The Maven Dependency Graph: a Temporal Graph-based Representation of Maven Central
This provides a resource for researchers and developers to study Java application architecture and evolution, but it is incremental as it repackages existing data into a more accessible format.
The paper tackles the challenge of analyzing the Maven Central Repository, a large dataset of 2.8M Java artifacts with dependencies, by creating the Maven Dependency Graph, an open-source dataset stored in a graph database that explicitly models dependencies and provides query infrastructure.
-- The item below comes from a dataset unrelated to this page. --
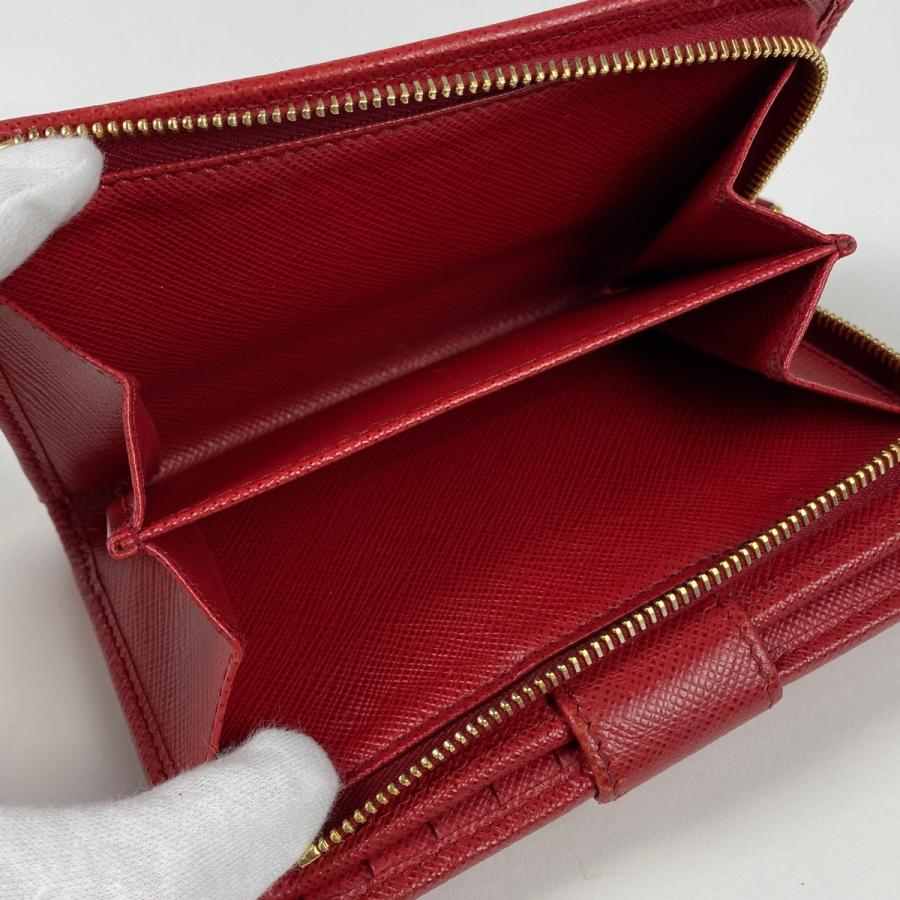PRADA プラダ ロゴプレート 二つ折り 財布 L字ファスナー 二 PRADA プラダ ロゴプレート 二つ折り 財布 L字ファスナー 二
The Maven Central Repository provides an extraordinary source of data to understand complex architecture and evolution phenomena among Java applications. As of September 6, 2018, this repository includes 2.8M artifacts (compiled piece of code implemented in a JVM-based language), each of which is characterized with metadata such as exact version, date of upload and list of dependencies towards other artifacts. Today, one who wants to analyze the complete ecosystem of Maven artifacts and their dependencies faces two key challenges: (i) this is a huge data set; and (ii) dependency relationships among artifacts are not modeled explicitly and cannot be queried. In this paper, we present the Maven Dependency Graph. This open source data set provides two contributions: a snapshot of the whole Maven Central taken on September 6, 2018, stored in a graph database in which we explicitly model all dependencies; an open source infrastructure to query this huge dataset.